L´attacco, che aveva anche altri obiettivi, è stato rivendicato dallo "Stato islamico in Iraq", organizzazione che raccoglie quel che resta di "Al Qaeda nel Paese dei Due Fiumi", gruppo indebolito nel tempo, oltre che dalla morte del suo leader Zarkawi, dal voltafaccia delle tribù sunnite, arruolate dal generale Petraeus dopo la suicida stagione dell´epurazione totale dell´era Bremer, che ha fatto mancare ai quaedisti un decisivo apporto militare e logistico. Costringendo una parte degli jihadisti a dirigersi verso altri fronti, Afghanistan e Yemen in primo luogo. Rivendicazione che non sorprende. I cristiani in Iraq sono visti dai qaedisti, ma non solo, come una sorta di "quinta colonna dell´Occidente" e ritenuti dei kafir, degli infedeli.
Il nuovo attacco contribuirà a incrementare un esodo che sta incrinando la loro lunga presenza in Mesopotamia. Caldei, copti, melchiti, greco-ortodossi, maroniti, cattolici-romani, che secondo un censimento del 1987 erano circa un milione e mezzo in un paese popolato da più di venti milioni di musulmani sciiti e sunniti. Numeri oggi decisamente ridimensionati. Nel giro di pochi anni, quelli segnati dalla guerra iniziata nel 2003, i soli cattolici sono diminuiti di circa centomila unità.

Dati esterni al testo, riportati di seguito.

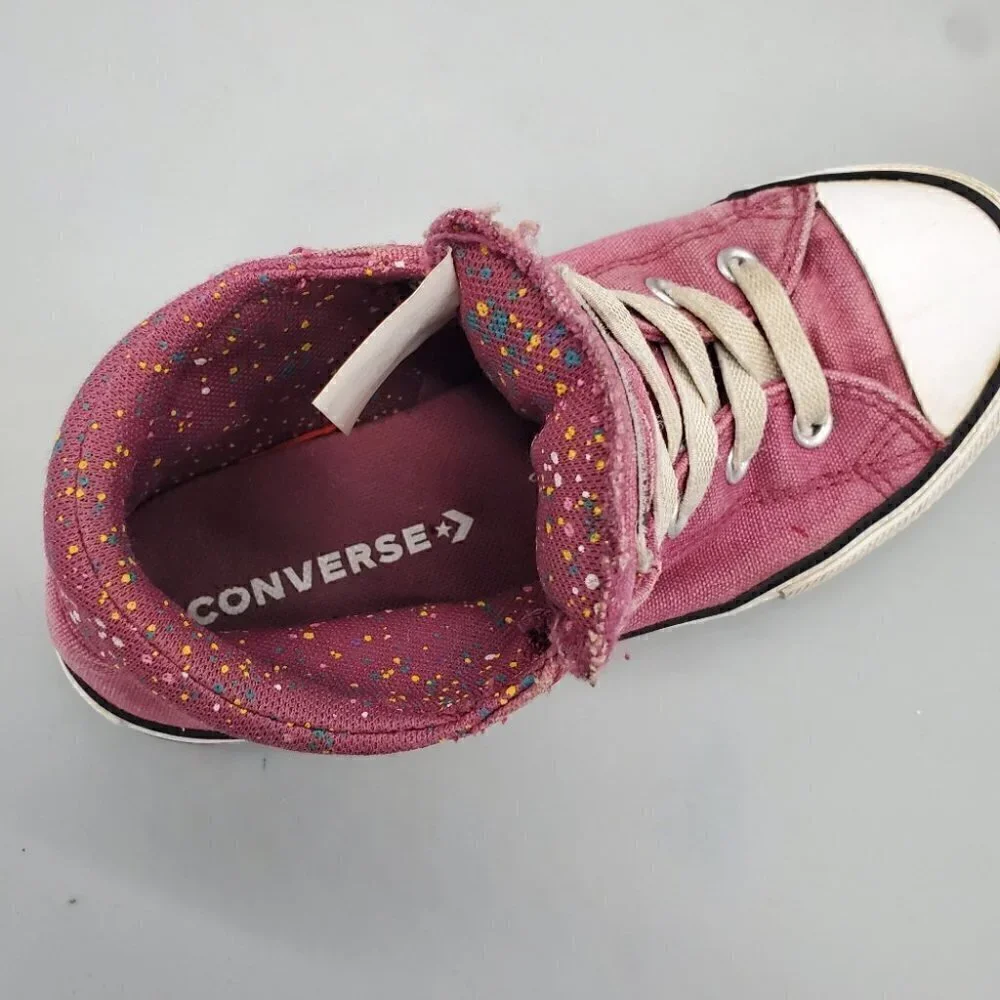 Converse High Top Chuck Taylor Burgundy Size 1 Youth Shoes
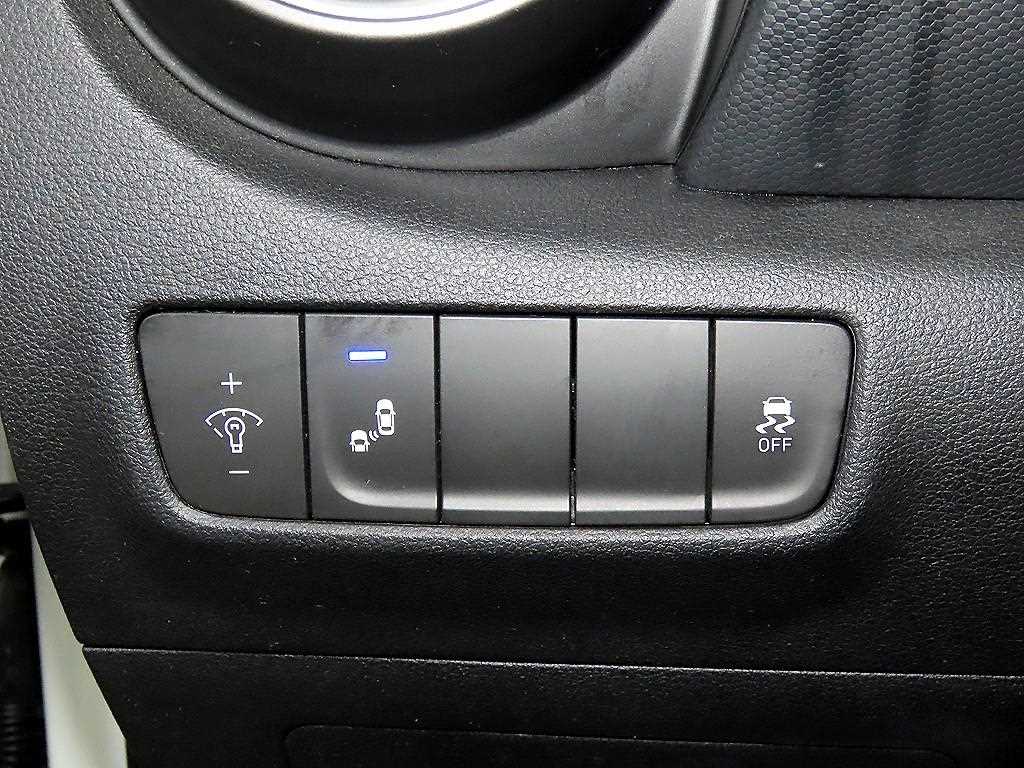 HYUNDAI Kona 2018 Blanco - Importación desde Corea - HF Imports Iquique - Foto 14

Le situazioni più difficili sono quelle delle aree miste. Oltre Bagdad, il problema è il Nord, in particolare nelle aree contese di Morule Kirkuk dove sunniti e turcomanni non intendono rinunciare al controllo delle ricche province petrolifere in cui vivono da tempo, reclamato però dai curdi, in passato costretti a abbandonare la zona da Saddam Hussein. Alla fine del 2008 attacchi a Mosul che hanno provocato quaranta vittime, hanno indotto dodicimila cristiani a abbandonare la provincia. Otto nuove vittime si sono aggiunte all´inizio dell´anno.
Sempre a Mosul i caldei sono stati obiettivo di una cruenta campagna del terrore nel 2004 e nel 2006, frutto di una duplice pressione, simile a quella che si vede in atto anche in questi mesi. Da un lato la spinta dei qaedisti, locali e non, intenzionati a provocare la partenza dei cristiani dal paese; dall´altro l´indifferenza delle altre comunità verso una presenza che complica la strategia dei diversi gruppi etnoconfessionale, che tendono a controllare e omogeneizzare, anche religiosamente, fette di territorio in previsione di quanto accadrà dopo il ritiro degli Stati Uniti.

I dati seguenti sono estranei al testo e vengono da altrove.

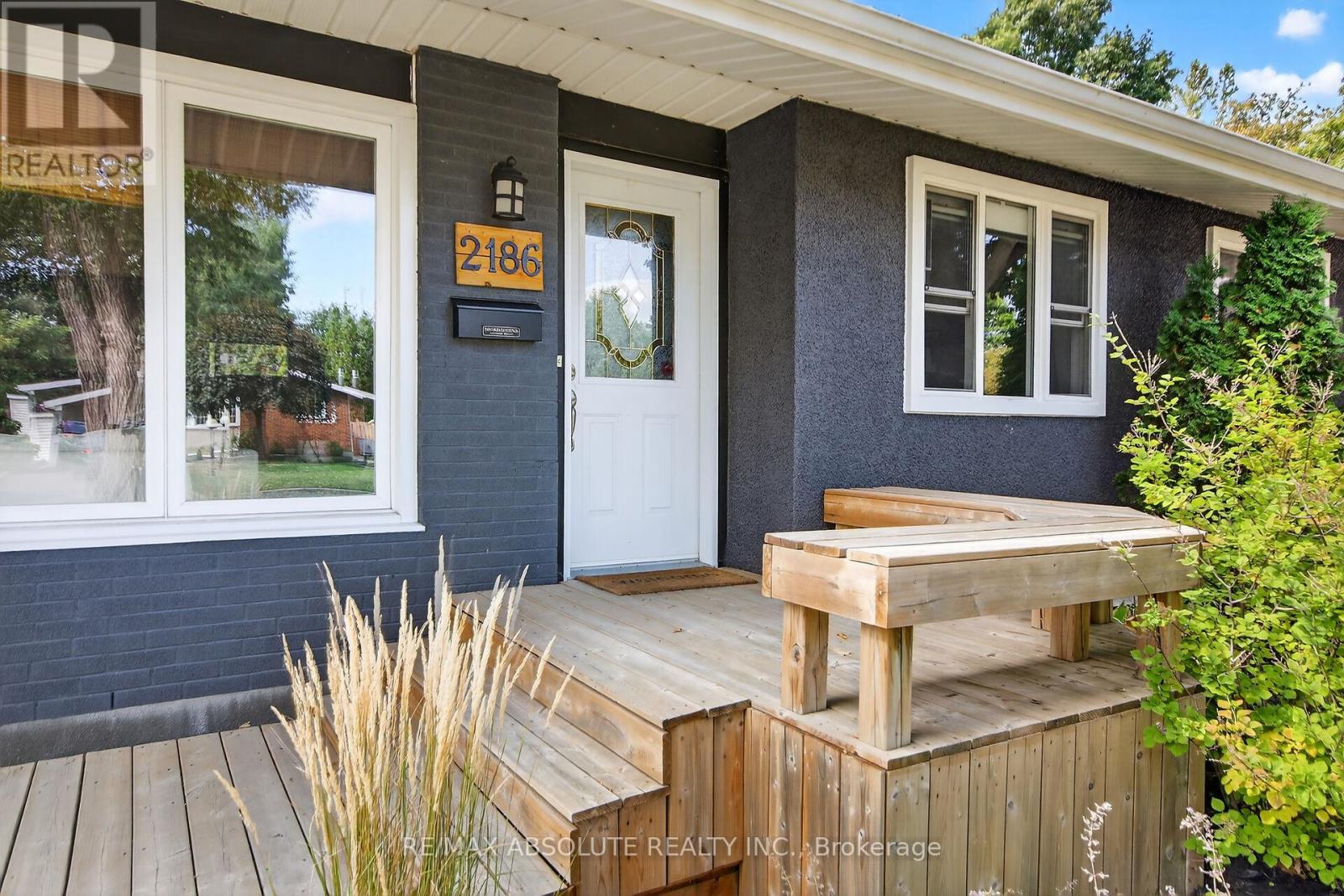 2186 Tawney Road, Ottawa, Ontario  K1G 1C5 - Photo 3 - X12545536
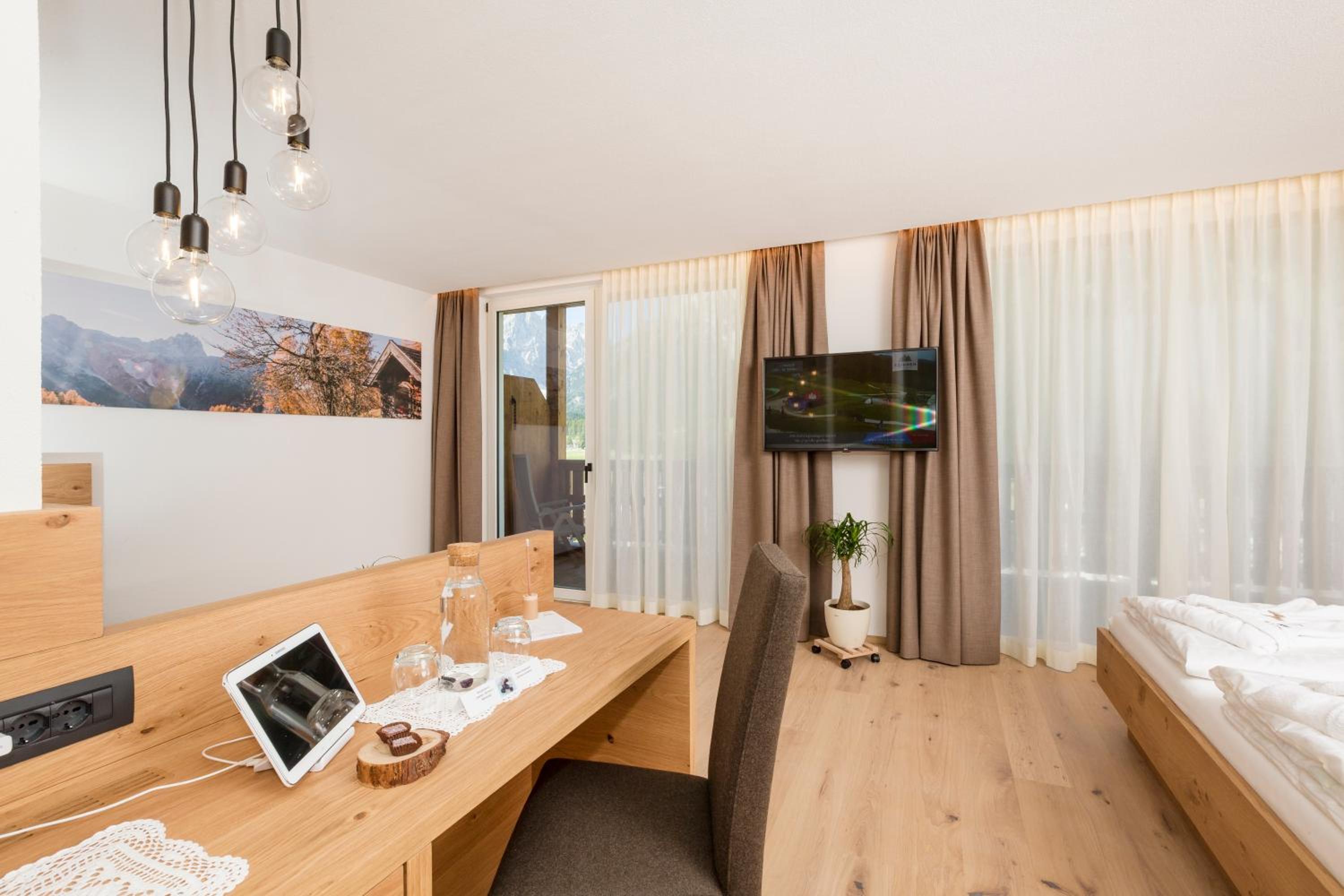 Quadruple Room with Mountain View photo 3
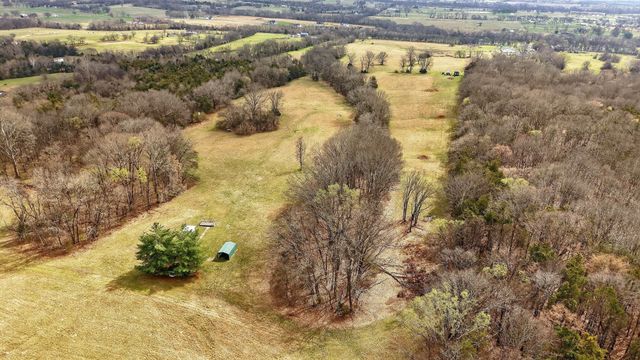 1289 Old Hopewell Rd, Castalian Springs, TN 37031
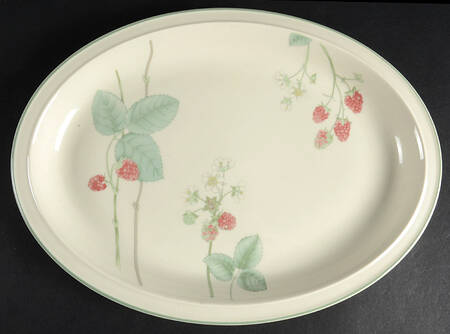 Raspberry Cane (Trim On Edge) 13" Oval Serving Platter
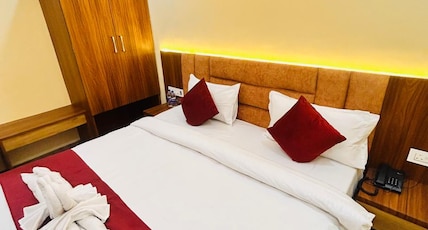 Hotel Shiv Shadhana Room Type - Standard Room Hotel Shiv Shadhana Room Type - Standard Room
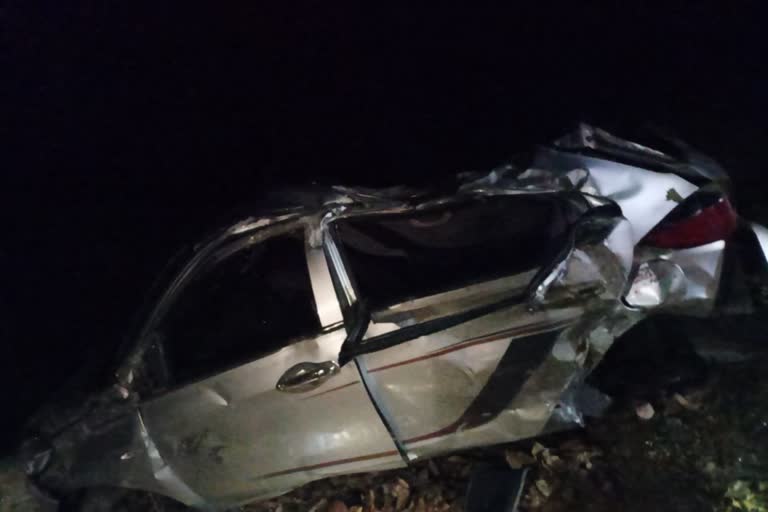 Bokaro two died due to Vehicle overturning near Konar Dam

Quotidianamente i cristiani, ritenuti generalmente dei benestanti, sono vittime di sequestri a scopo di estorsione. Il tutto nell´indifferenza delle forze armate o di polizia irachene. Il problema dei cristiani in Iraq è, infatti, la mancanza di una forza, esterna o interna, che li protegga. Una condizione che li espone a conseguenze e timori di ogni tipo. In alcune zone le donne cattoliche, nonostante non sia previsto dalla sharia, sono costrette a indossare il velo dagli islamisti radicali.
Un senso di mancanza di protezione simboleggiato anche dalla recente condanna a morte di Tariq Aziz, un tempo l´esponente più forte della comunità cristiana al servizio di Saddam. I vescovi hanno criticato la sentenza, letta come un tentativo da parte sciita di opporsi al reintegro dei membri del partito Baath, nel quale militavano anche molti cristiani, nella vita nazionale. Intanto, come nella chiesa di Saiydat al Najat, i figli della Croce in Iraq continuano a morire.